Les morceaux sont plutôt dans le registre instrumental, musical que dans le registre "chanson" et pourtant, le chant est présent en filigrane tout au long du disque. Des motifs scandés au milieu des instruments, des couleurs qui participent à la transe. Seul le dernier morceau est véritablement centré autour de la voix du chanteur invité G.W. Sok, pour clôturer le voyage.
L’album Memories to come est le fruit de leur collaboration avec le producteur anglais John Parish (PJ Harvey, Eels, Dominique A…), qui joue de manière très discrète et subtile de nombreux instruments tout le long du disque : batterie, basse, piano, bongo...
Le disque est une traversée de mondes sauvages, de paysages désertiques et envoûtants, entre Afrique et Asie.
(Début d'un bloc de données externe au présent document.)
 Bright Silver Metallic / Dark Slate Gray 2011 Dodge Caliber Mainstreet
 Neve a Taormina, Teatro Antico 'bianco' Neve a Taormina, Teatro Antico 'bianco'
Parfois, une main rassurante nous invite à la suivre sur fond de comptine pour enfants ("L’un languit"), parfois la main se crispe, se serre autour de notre cou, devient inquiétante ("Noise / Silence").
On pense comme ça à des disques de rencontre, Vincent Segal & Ballaké Sissoko (violoncelle et kora), Serge Teyssot-Gay & Khaled AlJaramani (guitare et oud), Ali Farka Touré & Toumani Diabaté (guitare et kora). A l’endroit où les frontières et les séparations n’ont plus aucun sens. A l’endroit où les tentatives de mettre des mots sur les choses semblent vaines. A l’endroit où la musique est reine et tord le cou aux conformismes et aux préjugés.